Saudi Prince who paid $450m for a Da Vinci artwork now spends millions more on painted PUMPKINS
- Installation currently on display at Institute of Contemporary Art in Miami, USA
- Saudi Collection of the Royal Commission for Al-Ula bought it six months ago
- It is thought to have been sold for around $5million by a gallery in London
A Saudi prince who paid $450million for a Da Vinci masterpiece in 2017 has now snapped up a new art installation – despite someone else claiming ownership.
The immersive installation titled All the Eternal Love I Have for the Pumpkins is currently on display at the Institute of Contemporary Art in Miami, America.
Artist Yayoi Kusama based the piece around her signature yellow spotted pumpkins that were then lit with LED lights and placed inside a mirrored room.

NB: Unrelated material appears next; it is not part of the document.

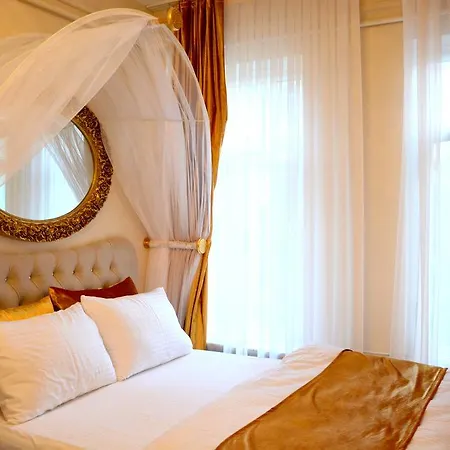 Apartment Mi̇esha Ottoman Palace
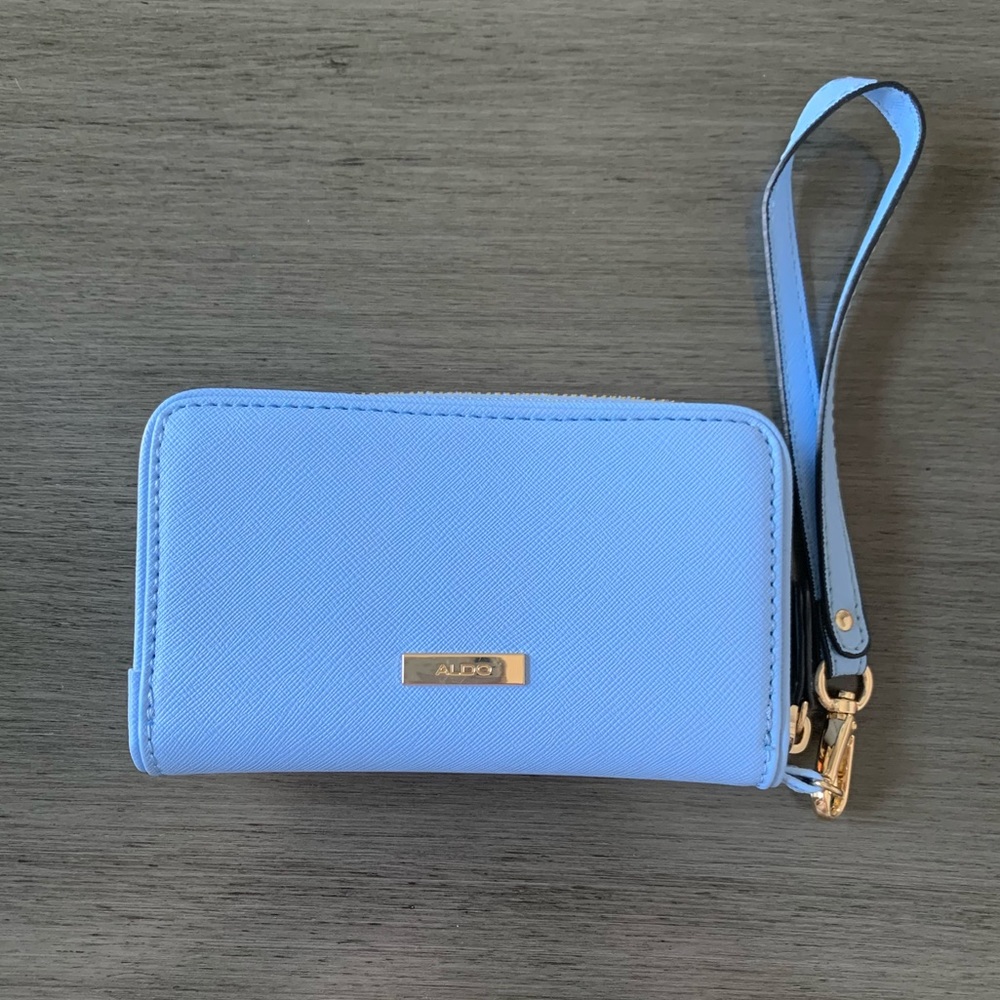 Baby blue Aldo wallet/wristlet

The buyer is believed to be linked to Saudi Crown Prince Mohammed bin Salman, one of the world’s richest men, who was said to be behind the Da Vinci purchase in 2017.
The immersive installation titled All the Eternal Love I Have for the Pumpkins (pictured) is currently on display at the Institute of Contemporary Art in Miami, America
The exhibition arrived in October 12 and is cited on the museum’s website as being on loan from the Saudi Collection of the Royal Commission for Al-Ula, which oversees development of an archaeologically rich region in the northwest of the country.
It is thought that the Saudis bought the Kusama work around six months ago for around $5million despite a German art investment firm already claiming ownership over it.
The pumpkin exhibition is currently supported by the Inigo Philbrick Gallery in Mayfair, London.
The German company, Fine Art Partners, had been partners with Philbrick from around 2015 and had worked closely together to buy, market and sell artworks, according to Artnews.
In 2017, Fine Art Partners bought the Kusama for $3.3million (£2.8million) from an auction house in New York through Philbrick.
It was quickly insured and Philbrick was authorised to store, market and resell the work for a set target price of $5million (3.9million), according to court filings.
Artist Yayoi Kusama based the piece around her signature yellow spotted pumpkins that were then lit with LED lights and placed inside a mirrored room
The exhibition arrived in October 12 and is cited on the museum’s website as being on loan from the Saudi Collection of the Royal Commission for Al-Ula
It is thought that a sale with the Saudis was made shortly afterwards.
In an agreement dated from September 11 earlier this year between Philbrick and the Institute of Contemporary Art states that the pumpkin installation is on loan from a company called MVCA based in Riyadh, Saudi Arabia.
But lists the Collection of the Royal Commission for Al-Ula as the lender’s name for associated labels and publication.
The problem comes as Fine Art Partners began suing Philbrick and his gallery last month over a breach of contract allegation.
It is seeking the return of art worth $14million (£11million) that had been purchased by Philbrick’s gallery, which included the pumpkin room.
It is not known whether the company is aware of the sale of the Kusama installation to the Saudis.
The Institute of Contemporary Art’s deputy director Tommy Pace said: ‘The installation will remain on view as planned through January 31, 2020,’ according to Bloomberg.
He added: ‘The work is on loan to the museum from a private collection. We were not aware of the dispute when the exhibition was planned, but it appears to be an issue between the previous owners.’
The Inigo Philbrick Gallery, Fine Art Partners and Royal Commission for Al-Ula have all been contacted for comment.